Las democracias representativas sufren de un pernicioso problema de lo que en economía se conoce como selección adversa: los ciudadanos mejor preparados para gobernar son los menos probables en buscar un puesto público. En consecuencia, si la gente sólo puede elegir entre candidatos bribones, sin duda que acabarán eligiendo a un bribón.
En general, las personas con el mayor incentivo para buscar un puesto público no son las más honestas y más preocupadas por el bien común. Esta es la realidad, opuesta a la versión idílica de un gobierno benefactor compuesto por personas altruistas y desinteresadas, con la que nuestros políticos quieren convencernos cuando abusan de los medios masivos de comunicación.
No debe extrañarnos, por tanto, que en México el gobierno desperdicie recursos y esté compuesto, en mucho, por personas que no han sobresalido en campo alguno, salvo la política, y que por su capacidad no encontrarían un mejor empleo en el sector privado.
Esta visión describe a la gran mayoría de las personas (hay, claro, sus excepciones) que integran los distintos niveles de gobierno en nuestro país. Lamentablemente, estamos en sus manos para decisiones que son cruciales para mejorar el nivel de vida de la población.
La mala calidad de nuestros gobernantes y sus políticas públicas se aprecia en que mientras la burocracia y la injerencia del gobierno han crecido en este siglo, la criminalidad ha aumentado y el desempeño de la economía ha dejado mucho que desear.
En efecto, mientras que entre 2001 y 2013 el número de empleados públicos pasó de 4.812,105 a 5.273,441 y el gasto del Gobierno subió del 22.8 al 26.0 por ciento del Producto Interno Bruto (PIB), el crecimiento promedio de la economía fue de tan sólo 2.1 por ciento, cuando entre 1988 y2000 registró un avance del 3.7 por ciento en promedio anual.
Uno pudiera decir que si fortalecemos la calidad de nuestro proceso democrático las cosas podrían ser mejores. Ese se supone ha sido el objetivo de las varias reformas políticas en México. Es posible que actualmente, cuando se discuten nuevas normas para el ejercicio político, muchos ciudadanos abriguen la esperanza de que haya un avance notable en la administración pública. Lamentablemente, los cambios discutidos como el nuevo nombre para el árbitro electoral, más transparencia en el gasto con fines de promover la imagen de los políticos y la reelección en ciertos cargos, no significan el desmantelamiento del control partidario, como lo prueban las trabas para las candidaturas independientes, ni la disminución del gobierno.
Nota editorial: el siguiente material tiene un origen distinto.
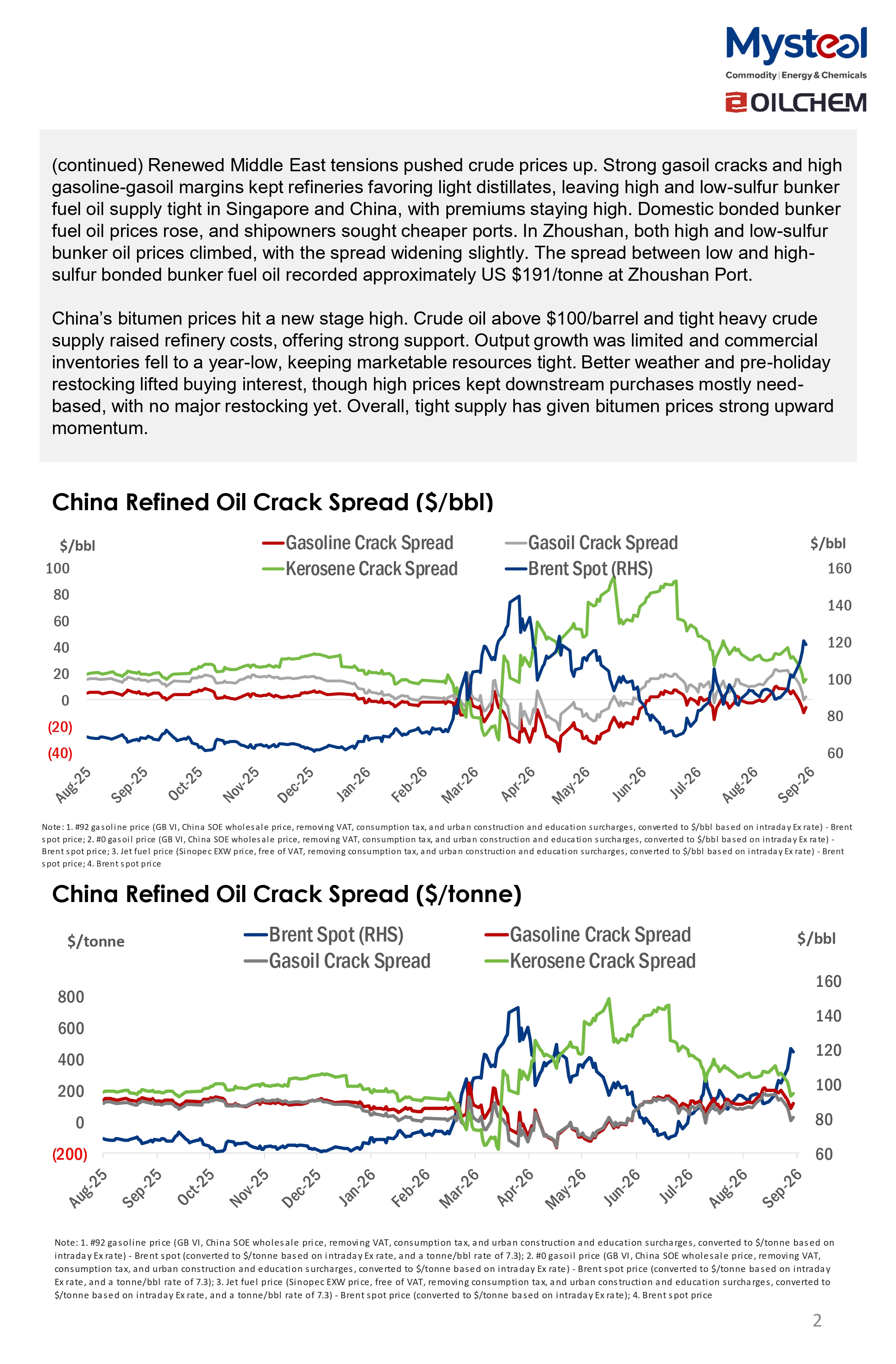 A Glance of China Oil Market 20260914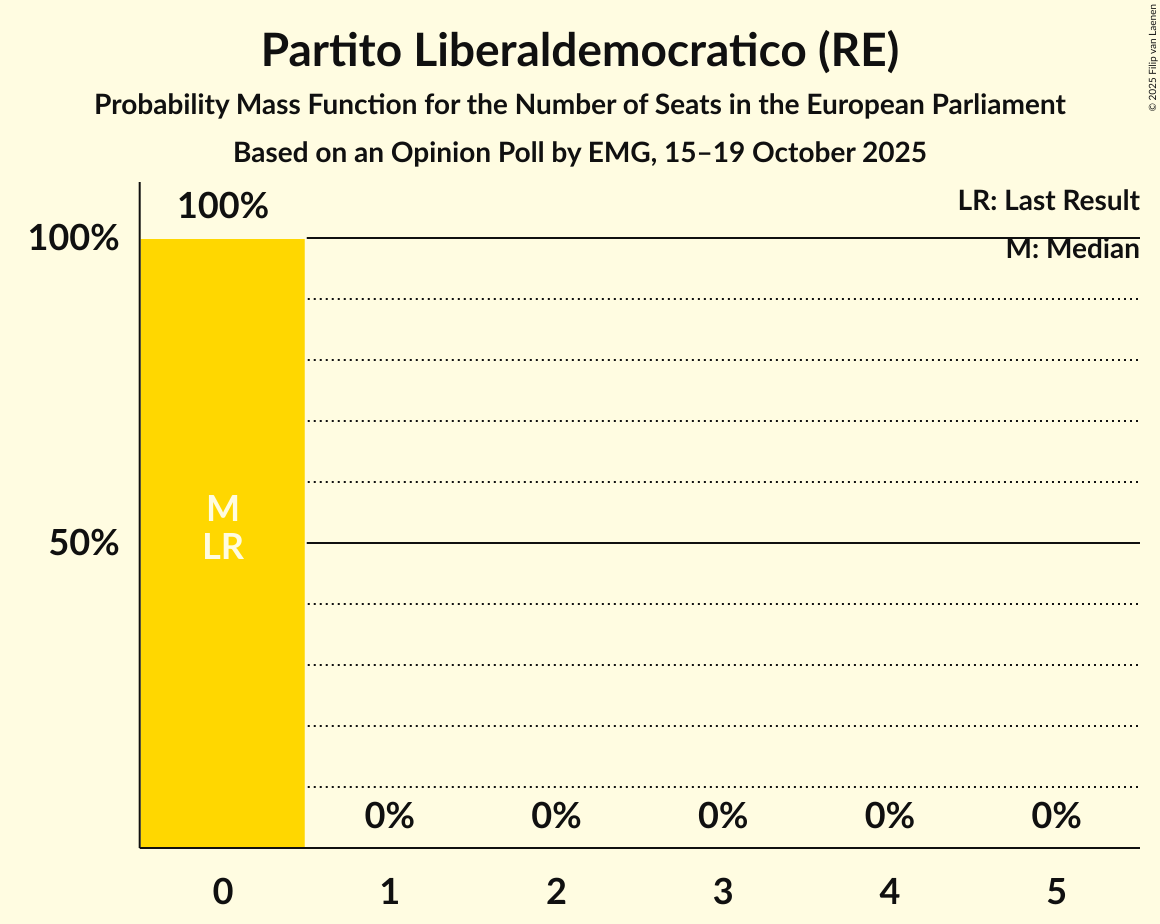 Seats Probability Mass Function Graph with seats probability mass function not yet produced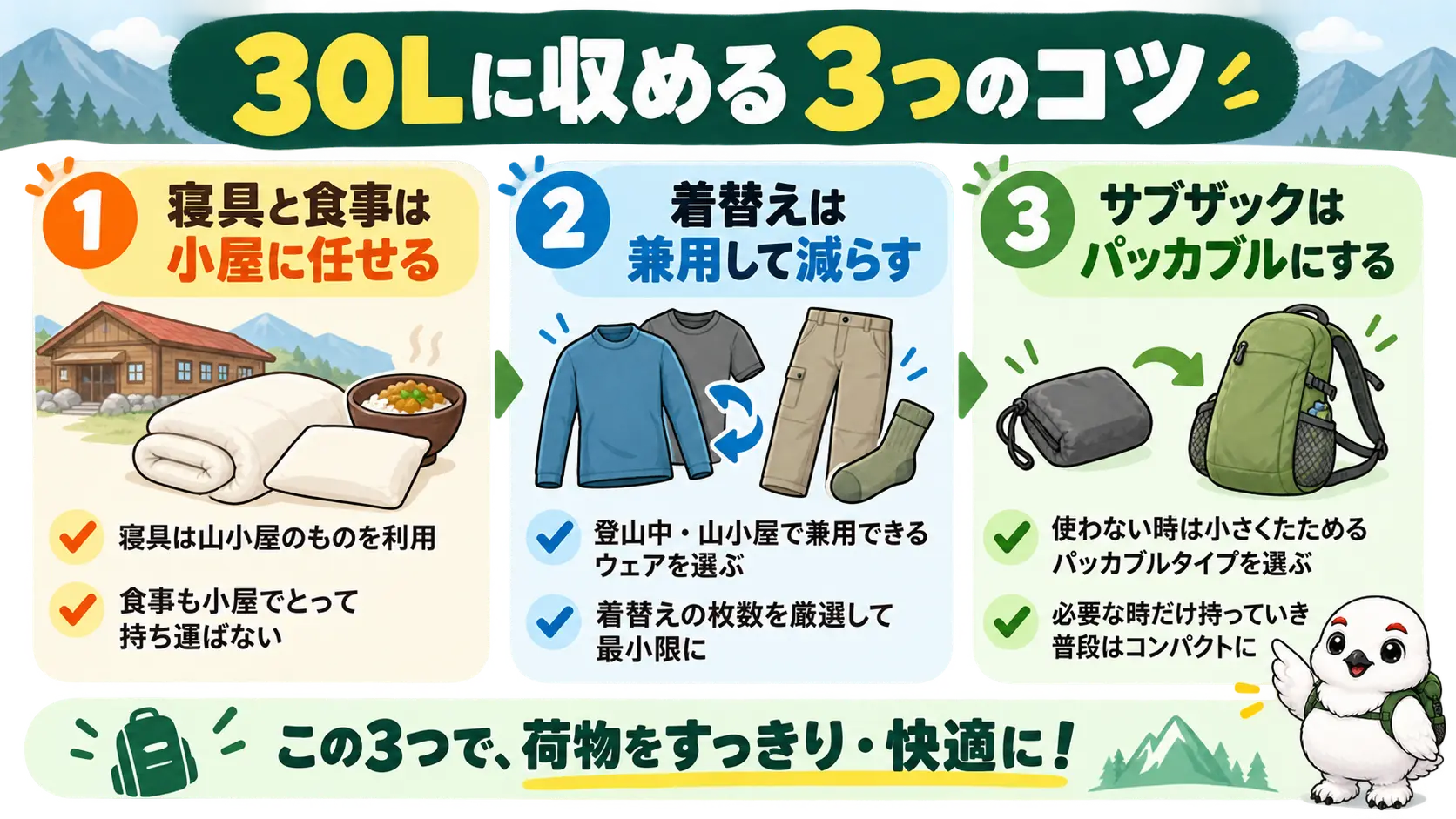 寝具と食事を小屋に任せ、着替えを兼用し、サブザックをパッカブルにして30Lに収めるコツの手順図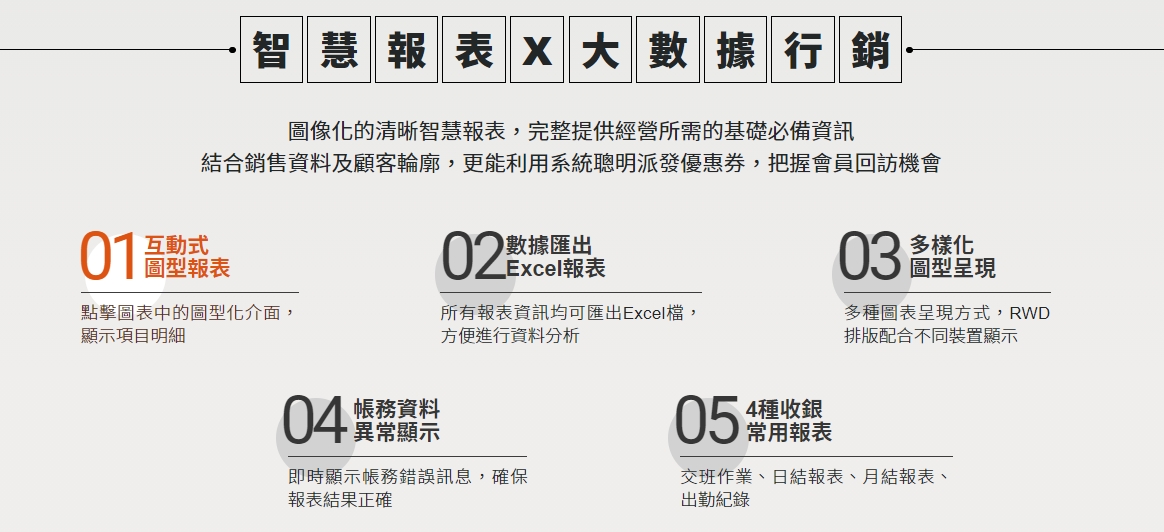 全通路整合支 援，外送平台接單UberEats、 Foodpanda、快一點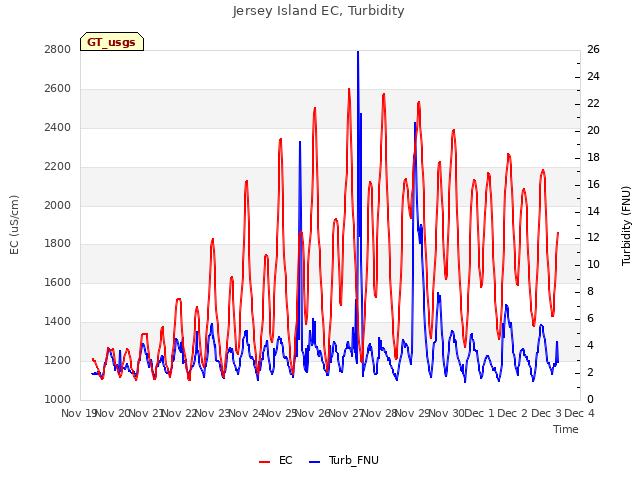 plot of Jersey Island EC, Turbidity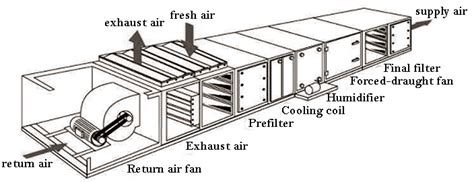 AIR HANDLING UNIT (AHU) - My Engineering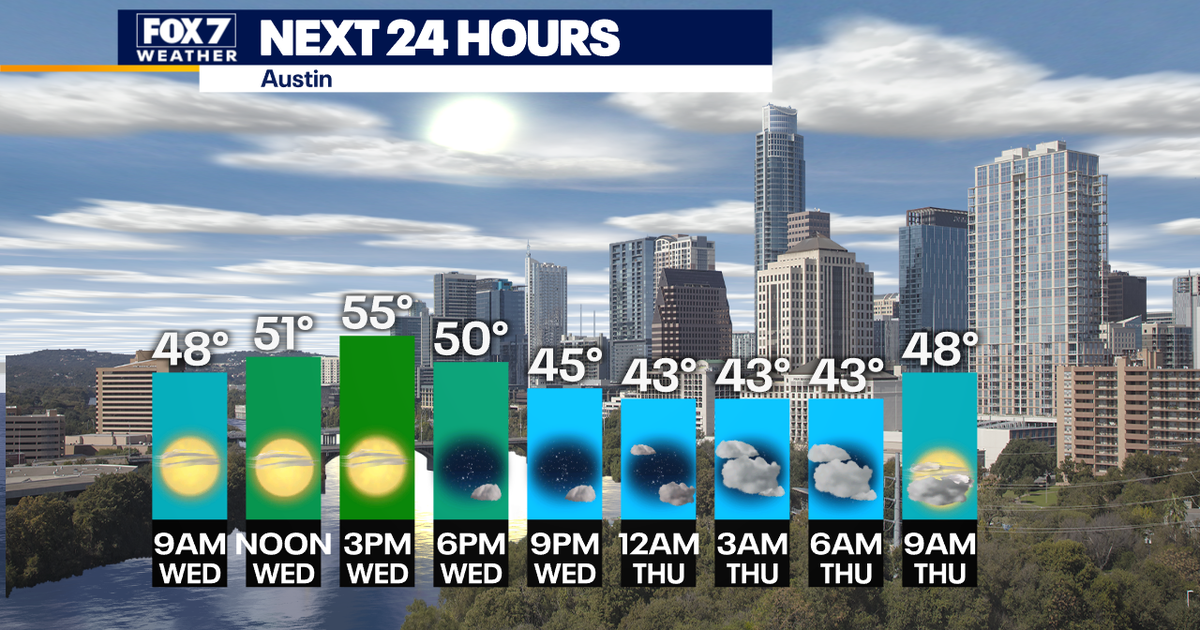Sunshine returns today, another cold front coming | FOX 7 Austin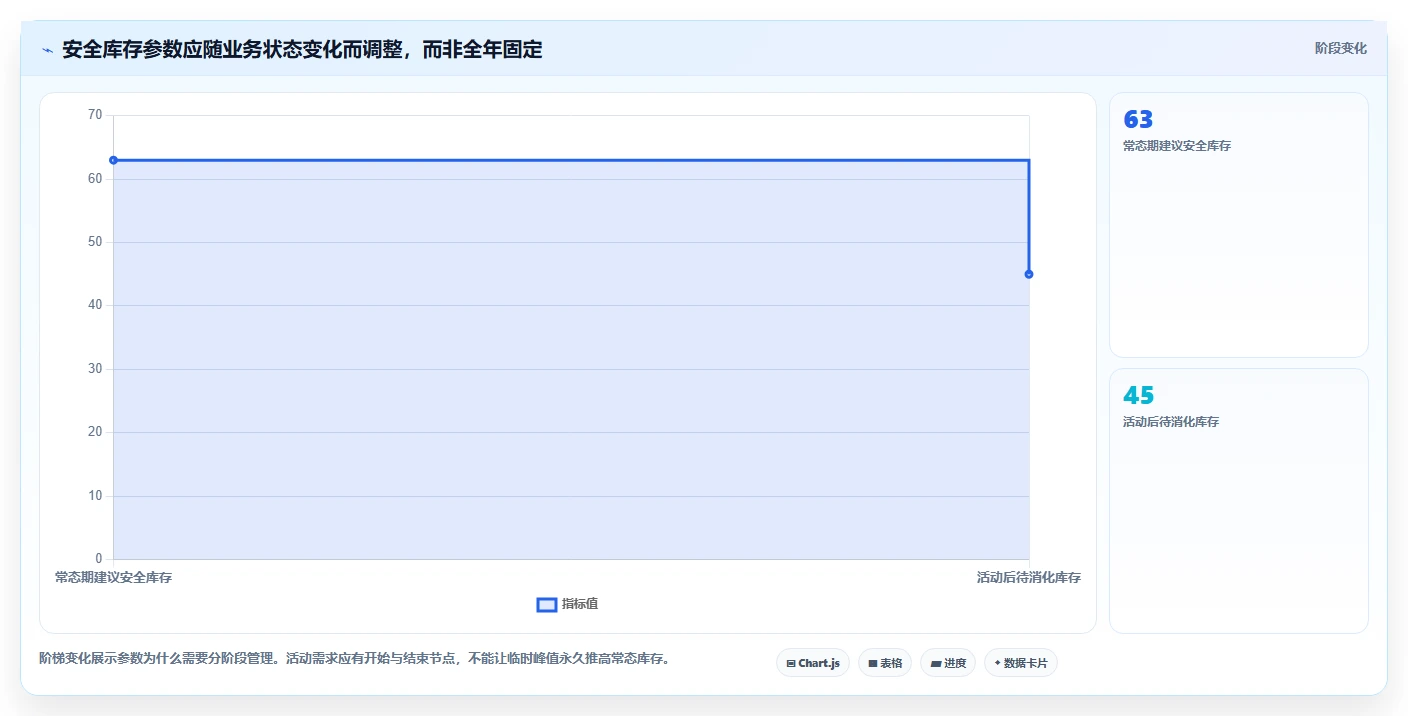 仓库安全库存管理从0到1:需求波动的增长策略与操作要点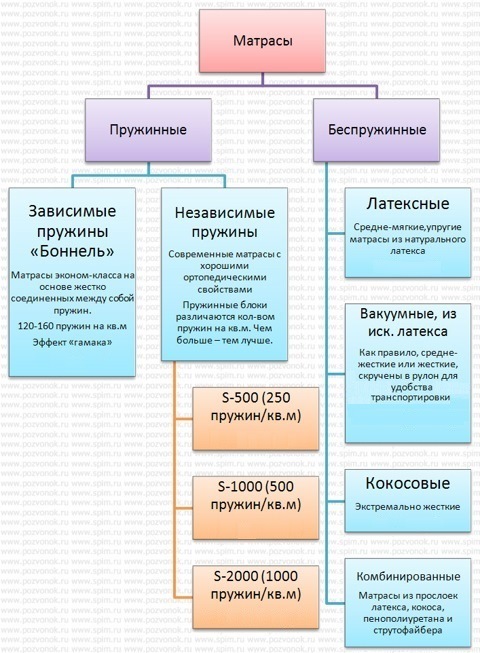 Выбор матраса по производителю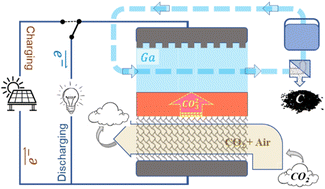 Graphical abstract: A rechargeable liquid metal–CO2 battery for energy storage and CO2 reduction to carbon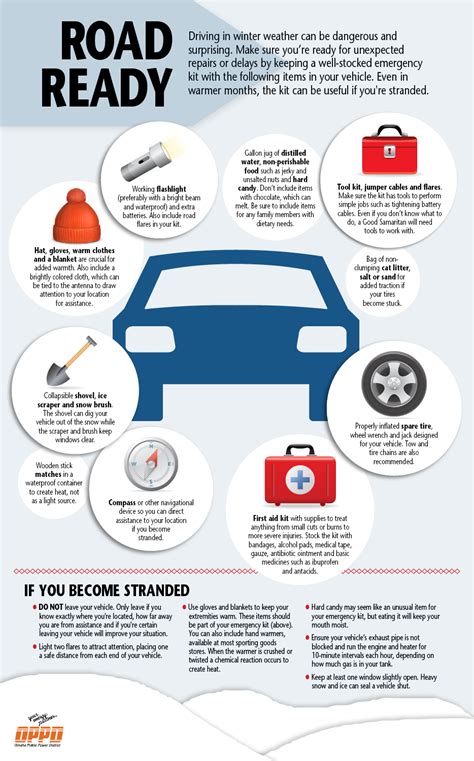 Prepare For Winter Driving With This Checklist The Wire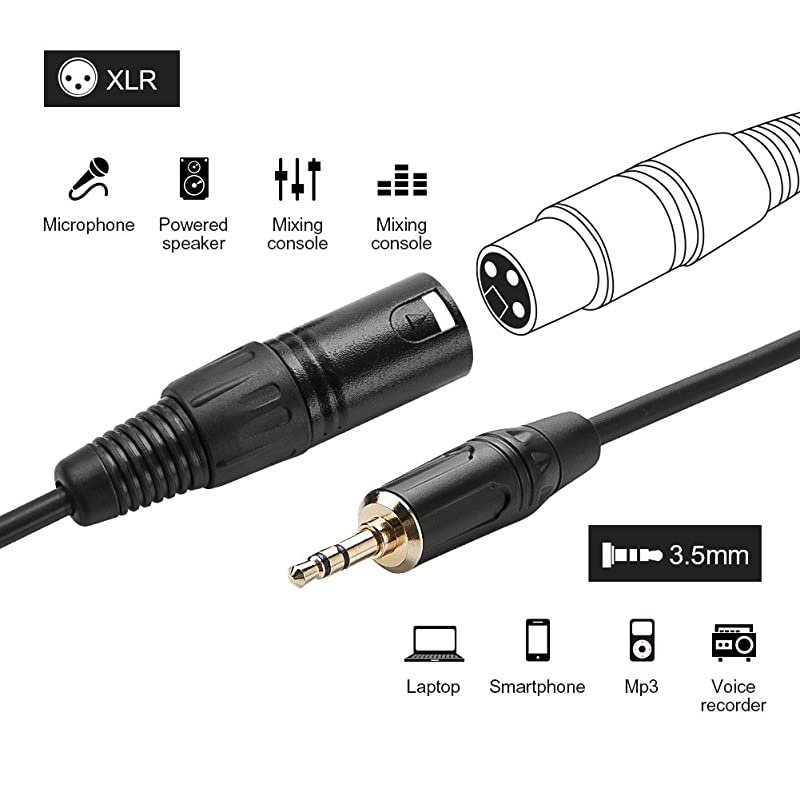 35mm to XLR  3 Feet 35mm 18 Inch TRS Stereo Male to XLR Male Cable Compatible with iPhone iPod TabletLaptop and MoreBlack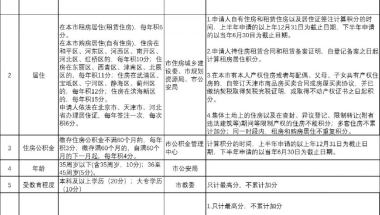 天津积分入户分值表 2022天津积分入户分值表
Más grave aún es que en ninguna parte se contempla un mayor control sobre el tamaño de la burocracia, la aplicación de medidas severas contra la corrupción, la transparencia en la asignación de la obra pública, así como sobre el patrimonio de los candidatos y funcionarios públicos. Esas acciones ayudarían sin duda a mejorar la calidad de nuestros gobernantes, pero no necesariamente se traducirían en mejores políticas públicas.
Ilya Somin, en su libro "Democracy and Political Ignorance: Why Smaller Government Is Smarter" presenta bastante evidencia en cuanto a que, a pesar de que Estados Unidos cuenta con medidas mucho más estrictas que las nuestras respecto al problema de la corrupción y la transparencia de los patrimonios, eso no corrige el problema de que la mayoría de los electores carecen siquiera del conocimiento básico para hacer una elección informada.
La ignorancia de los electores no es particular de ciertos países y culturas, es más bien un problema universal. Los electores no analizan los programas económicos y sociales de los candidatos ni sus plataformas electorales, como tampoco conocen a la mayoría de sus representantes en el Congreso.
Esto no se corrige con cursos de civismo o de educación en asuntos financieros y económicos, puesto que ello no elimina los sesgos ideológicos, o la simpatía por las medidas populistas con los que la gente aborda los diferentes temas.
En México, mientras prevalezca la corrupción y la opacidad, ese problema es todavía más grave. En consecuencia, la reforma política que se discute en el Congreso es poco probable que lleve a mejores gobernantes y a buenas políticas públicas. En esta situación es todavía más relevante para nosotros la solución que propuso Gary Becker hace muchos años y que ahora propone Somin para EU: reducir el tamaño y la injerencia del Gobierno en la economía.
Mientras eso no suceda, el consuelo de nuestra democracia lo sintetiza Arnold Kling, en su artículo "Exit, Voice and Ignorance", al afirmar que apoya la democracia no porque posea cualidades milagrosas sino porque "proporciona a los ciudadanos un medio pacífico de cambiar a las personas en el Gobierno".